- Wiener Blut DVD cover
- Directed by: Willi Forst
- Screenplay by: Ernst Marischka; Axel Eggebrecht; Viktor Léon (Libretto); Leo Stein (Libretto);
- Produced by: Willi Forst; Hans Somborn;
- Starring: Fred Liewehr; Willy Fritsch; Maria Holst; Hedwig Bleibtreu; Hans Moser; Theo Lingen; Dorit Kreysler; Paul Henckels; Wilma Tatzel; Klaramaria Skala; Egon von Jordan; Ernst Fritz Fürbringer; Fritz Imhoff;
- Cinematography: Jan Stallich
- Edited by: Arnfried Heyne
- Music by: Johann Strauss II; Willy Schmidt-Gentner;
- Production companies: Deutsche Forst-Filmproduktion GmbH; Wien-Film;
- Release date: 2 April 1942;
- Running time: 103 minutes
- Country: Germany
- Language: German
- Budget: 2,700,000 ℛ︁ℳ︁ (equivalent to €11,319,602 in 2021)
- Box office: 7,000,000 ℛ︁ℳ︁ (equivalent to €29,347,116 in 2021)

= Vienna Blood (film) =

Vienna Blood (German: Wiener Blut) is a 1942 German operetta film, based on the 1899 operetta of the same name. With box-office takings of seven million Reichsmarks, it was one of the most financially successful films of the Nazi era.

== Plot ==

The young Count Georg Wolkersheim (Willy Fritsch) is sent to the Congress of Vienna (1814–1815) to represent the interests of his country, Reuss-Schleiz-Greiz.
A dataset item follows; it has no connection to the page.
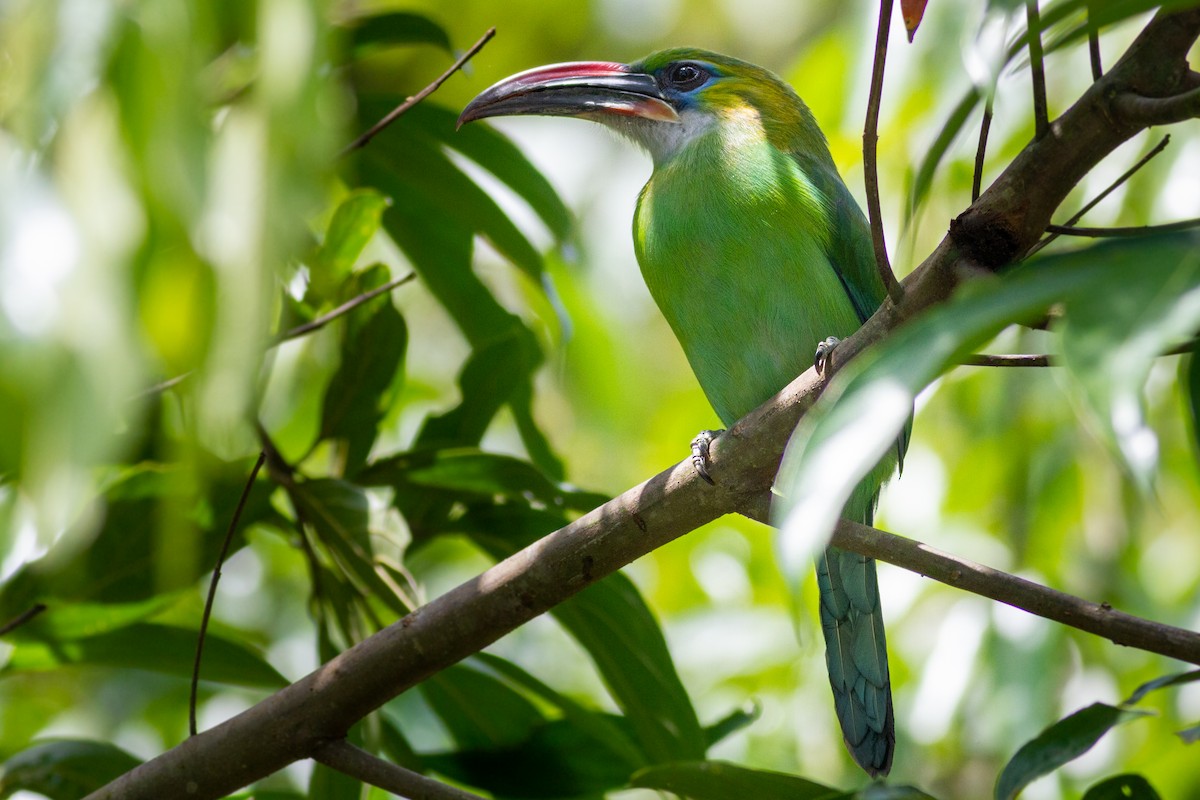 Groove-billed Toucanet - ML621778174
Tensions arise between the count, his wife Melanie (Maria Holst), and their two chamberlains (Hans Moser and Theo Lingen), and when the four of them attend a court ball, Melanie leaves Georg, assumes the identity of a famous actress, and attracts the affections of Crown Prince Ludwig of Bavaria (Fred Liewehr). Georg quits the ball and returns to his lodgings to wait for his wife. Meanwhile, the two servants plot to further inflame Georg's jealousy by posing as Ludwig to commission a portrait of Melanie from the famous artist Moritz Daffinger (Egon von Jordan). The next day, however, Georg and Daffinger expose the servants' ruse, Ludwig reveals to Melanie that he has discovered her true identity, and all is forgiven.

== Release history ==

The film had its national premieres on 2 April 1942 in Vienna and on 17 April 1942 in Berlin, and was first aired on television on the GDR's Deutscher Fernsehfunk on 15 October 1962. Its American premiere, under the title Vienna Blood, was on 21 March 1951 in New York City. Studiocanal released a DVD version on 25 July 2008. Running times of the various releases vary from 103 to 111 minutes.

== Awards ==

The Reich's Film Review Office officially recognized Wiener Blut as "of particular artistic value" and "culturally valuable". The film also received an award at the 10th Venice International Film Festival.

==Cast==
- Willy Fritsch as Graf Georg Wolkersheim
- Maria Holst as Gräfin Melanie Wolkersheim
- Hans Moser as Knöpfel
- Theo Lingen as Jean
- Dorit Kreysler as Liesl Stadler
- Fred Liewehr as Crown-Prince Ludwig von Bayern
- Hedwig Bleibtreu as Fürstin Auersbach
- Klaramaria Skala as Ulli
- Paul Henckels as Fürst Ypsheim
- Ernst Fritz Fürbringer as Metternich
- Egon von Jordan as Daffinger
- Fritz Imhoff as Urwiener
- Maria Reining as Kammersängerin
- Lea Piltti as Singer
- Wilma Tatzel as Anni
- Wiener Philharmoniker as Group cast appearance
- Karl Blühm
- Julius Karsten

== Bibliography ==
- Hake, Sabine. Popular Cinema of the Third Reich. University of Texas Press, 2001.